Research, Pre-Training Data
$350k - $475k • San Francisco
Posted 1mo ago
Job Location
San Francisco
Tech Stack
Remote Work Policy
On-site
Categories
AI Research Engineer
About the job
Thinking Machines Lab is seeking pre-training researchers to join their mission of advancing collaborative general intelligence. This role is central to developing the next generation of AI models by blending research with large-scale data engineering. You will be responsible for assembling pre-training datasets and data systems, designing and implementing methods for sourcing, curating, and analyzing data for quality and performance. The position involves working with automated pipelines and human-in-the-loop processes, contributing both scientific insights and production-grade code. It's an ideal opportunity for individuals passionate about the intersection of data, machine learning, and systems, and who are eager to shape the future of AI.
Responsibilities
- Design and implement techniques for curating, sourcing, and filtering large-scale text, code, and multimodal data.
- Develop data quality metrics and analysis to measure coverage, diversity, and representativeness across sources.
- Collaborate with research and infrastructure teams to scale data processing systems efficiently and reproducibly.
- Investigate and mitigate data risks, including privacy, safety, and licensing concerns, to ensure responsible and ethical data use.
- Continuously evaluate dataset improvements by analyzing their downstream effects on model learning and behavior.

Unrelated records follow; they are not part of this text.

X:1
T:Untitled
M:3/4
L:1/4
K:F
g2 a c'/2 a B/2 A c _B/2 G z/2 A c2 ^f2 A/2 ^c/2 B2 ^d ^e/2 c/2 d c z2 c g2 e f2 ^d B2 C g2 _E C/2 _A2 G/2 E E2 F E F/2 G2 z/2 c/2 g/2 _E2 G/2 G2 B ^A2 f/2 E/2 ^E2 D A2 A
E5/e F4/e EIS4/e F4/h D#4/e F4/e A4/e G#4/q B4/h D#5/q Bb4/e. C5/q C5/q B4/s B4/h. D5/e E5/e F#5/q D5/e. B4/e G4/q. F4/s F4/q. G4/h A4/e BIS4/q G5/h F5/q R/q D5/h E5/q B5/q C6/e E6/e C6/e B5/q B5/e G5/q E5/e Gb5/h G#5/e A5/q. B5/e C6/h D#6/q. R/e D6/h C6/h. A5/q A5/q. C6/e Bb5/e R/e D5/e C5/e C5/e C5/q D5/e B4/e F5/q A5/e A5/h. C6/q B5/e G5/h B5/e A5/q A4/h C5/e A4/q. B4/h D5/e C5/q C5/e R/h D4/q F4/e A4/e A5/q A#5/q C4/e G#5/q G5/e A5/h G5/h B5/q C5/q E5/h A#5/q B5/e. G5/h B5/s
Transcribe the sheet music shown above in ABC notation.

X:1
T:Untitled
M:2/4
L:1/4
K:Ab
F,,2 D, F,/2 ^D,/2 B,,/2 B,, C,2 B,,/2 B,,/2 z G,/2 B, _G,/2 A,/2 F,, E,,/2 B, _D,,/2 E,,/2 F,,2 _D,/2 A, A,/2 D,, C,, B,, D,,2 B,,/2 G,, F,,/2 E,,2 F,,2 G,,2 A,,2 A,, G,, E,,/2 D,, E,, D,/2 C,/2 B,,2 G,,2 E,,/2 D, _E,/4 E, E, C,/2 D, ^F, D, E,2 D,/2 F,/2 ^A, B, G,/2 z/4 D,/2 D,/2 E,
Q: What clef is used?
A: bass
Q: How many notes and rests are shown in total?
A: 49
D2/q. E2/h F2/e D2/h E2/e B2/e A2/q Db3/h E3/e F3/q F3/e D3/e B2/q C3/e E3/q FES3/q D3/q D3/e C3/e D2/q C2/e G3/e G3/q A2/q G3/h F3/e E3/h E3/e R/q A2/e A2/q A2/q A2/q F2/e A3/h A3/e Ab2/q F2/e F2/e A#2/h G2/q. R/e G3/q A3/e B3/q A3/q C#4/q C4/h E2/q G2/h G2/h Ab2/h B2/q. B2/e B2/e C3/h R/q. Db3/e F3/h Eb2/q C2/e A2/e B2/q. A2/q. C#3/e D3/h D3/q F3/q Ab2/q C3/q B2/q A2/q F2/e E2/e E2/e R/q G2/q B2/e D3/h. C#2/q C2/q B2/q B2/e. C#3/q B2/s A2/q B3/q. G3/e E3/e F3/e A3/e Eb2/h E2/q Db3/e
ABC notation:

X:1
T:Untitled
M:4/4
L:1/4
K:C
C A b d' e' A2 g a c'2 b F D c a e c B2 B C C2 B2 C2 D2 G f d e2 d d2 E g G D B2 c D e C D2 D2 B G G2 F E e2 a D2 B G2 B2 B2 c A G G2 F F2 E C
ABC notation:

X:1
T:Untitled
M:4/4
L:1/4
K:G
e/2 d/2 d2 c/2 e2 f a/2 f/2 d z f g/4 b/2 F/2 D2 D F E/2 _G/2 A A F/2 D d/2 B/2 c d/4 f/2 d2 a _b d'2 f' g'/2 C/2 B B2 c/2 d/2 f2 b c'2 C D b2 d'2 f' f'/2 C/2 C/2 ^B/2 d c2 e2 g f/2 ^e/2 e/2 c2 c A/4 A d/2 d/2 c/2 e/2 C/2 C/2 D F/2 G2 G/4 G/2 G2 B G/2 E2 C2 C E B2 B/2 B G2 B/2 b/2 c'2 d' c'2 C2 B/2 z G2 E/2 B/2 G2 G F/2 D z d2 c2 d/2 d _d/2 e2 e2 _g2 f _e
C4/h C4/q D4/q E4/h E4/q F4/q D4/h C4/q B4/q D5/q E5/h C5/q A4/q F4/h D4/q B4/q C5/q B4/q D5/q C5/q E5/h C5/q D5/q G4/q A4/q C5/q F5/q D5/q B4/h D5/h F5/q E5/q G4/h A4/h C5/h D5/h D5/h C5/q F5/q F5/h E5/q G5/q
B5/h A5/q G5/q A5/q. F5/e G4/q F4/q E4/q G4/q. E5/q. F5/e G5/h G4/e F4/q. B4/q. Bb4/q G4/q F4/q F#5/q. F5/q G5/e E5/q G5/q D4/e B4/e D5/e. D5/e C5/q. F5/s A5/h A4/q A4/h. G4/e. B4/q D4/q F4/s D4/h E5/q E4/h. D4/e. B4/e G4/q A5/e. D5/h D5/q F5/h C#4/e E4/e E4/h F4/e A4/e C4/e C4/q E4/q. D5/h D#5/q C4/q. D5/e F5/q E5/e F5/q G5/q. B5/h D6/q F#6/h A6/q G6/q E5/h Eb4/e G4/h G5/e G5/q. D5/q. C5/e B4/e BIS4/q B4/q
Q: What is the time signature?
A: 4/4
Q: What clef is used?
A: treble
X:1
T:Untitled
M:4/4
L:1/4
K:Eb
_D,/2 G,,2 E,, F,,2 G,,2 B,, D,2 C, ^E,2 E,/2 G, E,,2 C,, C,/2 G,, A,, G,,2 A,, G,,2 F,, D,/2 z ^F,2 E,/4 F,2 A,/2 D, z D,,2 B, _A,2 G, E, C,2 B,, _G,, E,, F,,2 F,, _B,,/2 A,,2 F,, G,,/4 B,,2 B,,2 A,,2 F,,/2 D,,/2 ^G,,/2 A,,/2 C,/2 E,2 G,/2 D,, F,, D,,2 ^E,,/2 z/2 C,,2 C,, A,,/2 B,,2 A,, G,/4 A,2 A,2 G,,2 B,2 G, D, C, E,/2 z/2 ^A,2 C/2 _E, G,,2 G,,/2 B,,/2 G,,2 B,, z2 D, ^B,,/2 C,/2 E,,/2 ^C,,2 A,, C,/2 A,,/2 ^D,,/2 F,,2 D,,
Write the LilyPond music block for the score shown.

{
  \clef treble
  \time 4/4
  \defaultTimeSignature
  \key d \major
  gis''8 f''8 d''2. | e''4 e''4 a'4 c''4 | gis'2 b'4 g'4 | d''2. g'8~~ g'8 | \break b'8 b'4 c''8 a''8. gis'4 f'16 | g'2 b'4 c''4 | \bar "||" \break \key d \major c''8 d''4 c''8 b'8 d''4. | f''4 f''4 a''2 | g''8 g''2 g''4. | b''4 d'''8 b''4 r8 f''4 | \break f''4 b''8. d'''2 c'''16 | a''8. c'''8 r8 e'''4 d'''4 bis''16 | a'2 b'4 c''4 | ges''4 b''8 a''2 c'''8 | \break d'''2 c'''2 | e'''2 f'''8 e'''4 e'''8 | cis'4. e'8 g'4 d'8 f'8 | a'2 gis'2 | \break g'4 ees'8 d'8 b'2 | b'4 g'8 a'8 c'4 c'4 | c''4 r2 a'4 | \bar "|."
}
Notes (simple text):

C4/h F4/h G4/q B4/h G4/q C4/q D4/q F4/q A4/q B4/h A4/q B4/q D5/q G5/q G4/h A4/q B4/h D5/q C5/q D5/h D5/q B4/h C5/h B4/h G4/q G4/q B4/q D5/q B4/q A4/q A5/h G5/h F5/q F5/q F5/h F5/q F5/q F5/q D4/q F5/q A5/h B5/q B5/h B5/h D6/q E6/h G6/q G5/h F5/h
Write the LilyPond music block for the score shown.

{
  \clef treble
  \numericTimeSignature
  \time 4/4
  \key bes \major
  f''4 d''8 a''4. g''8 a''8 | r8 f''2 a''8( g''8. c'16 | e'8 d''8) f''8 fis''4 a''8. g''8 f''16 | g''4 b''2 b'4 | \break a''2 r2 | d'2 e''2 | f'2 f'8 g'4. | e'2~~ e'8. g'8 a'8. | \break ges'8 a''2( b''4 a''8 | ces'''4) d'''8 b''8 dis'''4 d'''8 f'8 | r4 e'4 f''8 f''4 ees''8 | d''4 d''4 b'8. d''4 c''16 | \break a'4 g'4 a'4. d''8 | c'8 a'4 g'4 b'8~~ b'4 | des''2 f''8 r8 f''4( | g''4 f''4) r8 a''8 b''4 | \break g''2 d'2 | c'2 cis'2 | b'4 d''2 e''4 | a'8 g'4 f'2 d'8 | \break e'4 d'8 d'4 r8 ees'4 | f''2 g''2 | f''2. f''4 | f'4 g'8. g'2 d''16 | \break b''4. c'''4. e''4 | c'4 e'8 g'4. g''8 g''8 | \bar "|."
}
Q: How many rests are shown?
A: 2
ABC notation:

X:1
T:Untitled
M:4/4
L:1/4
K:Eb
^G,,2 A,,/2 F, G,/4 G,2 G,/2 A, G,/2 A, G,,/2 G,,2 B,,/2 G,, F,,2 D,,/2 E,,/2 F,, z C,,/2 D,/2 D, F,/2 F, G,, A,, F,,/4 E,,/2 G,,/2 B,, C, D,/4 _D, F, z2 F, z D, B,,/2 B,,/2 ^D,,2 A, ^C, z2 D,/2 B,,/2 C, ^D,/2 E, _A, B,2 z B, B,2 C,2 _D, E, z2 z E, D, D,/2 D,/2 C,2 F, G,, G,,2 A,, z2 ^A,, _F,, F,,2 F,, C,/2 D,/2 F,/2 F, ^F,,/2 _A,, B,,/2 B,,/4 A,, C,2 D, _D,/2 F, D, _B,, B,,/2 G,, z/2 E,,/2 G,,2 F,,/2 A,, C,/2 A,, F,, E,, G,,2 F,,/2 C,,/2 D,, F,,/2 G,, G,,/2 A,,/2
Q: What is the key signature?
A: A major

- Publish and present research that moves the entire community forward, sharing code, datasets, and insights.
Requirements
- Proficiency in Python and familiarity with at least one deep learning framework (e.g., PyTorch, TensorFlow, or JAX).
- Comfortable with debugging distributed training and writing code that scales.
- Bachelor’s degree or equivalent experience in Computer Science, Machine Learning, Physics, Mathematics, or a related discipline with strong theoretical and empirical grounding.
- Clarity in communication and ability to explain complex technical concepts in writing.
- Strong grasp of probability, statistics, and ML fundamentals.
- Experience with curation, preprocessing, and analysis of large-scale text, code, or multimodal datasets.
- Prior experience in data engineering, dataset construction, or large-scale web data processing for machine learning models.
- Experience evaluating or improving training data quality and knowledge of data ethics, safety, and licensing frameworks relevant to AI dataset creation.
- Contributions to open datasets, research publications, or data tooling.
- PhD in Computer Science, Machine Learning, Physics, Mathematics, or a related discipline with strong theoretical and empirical grounding; or equivalent industry research experience.
Benefits
- Generous health, dental, and vision benefits
- Unlimited PTO
- Paid parental leave
- Relocation support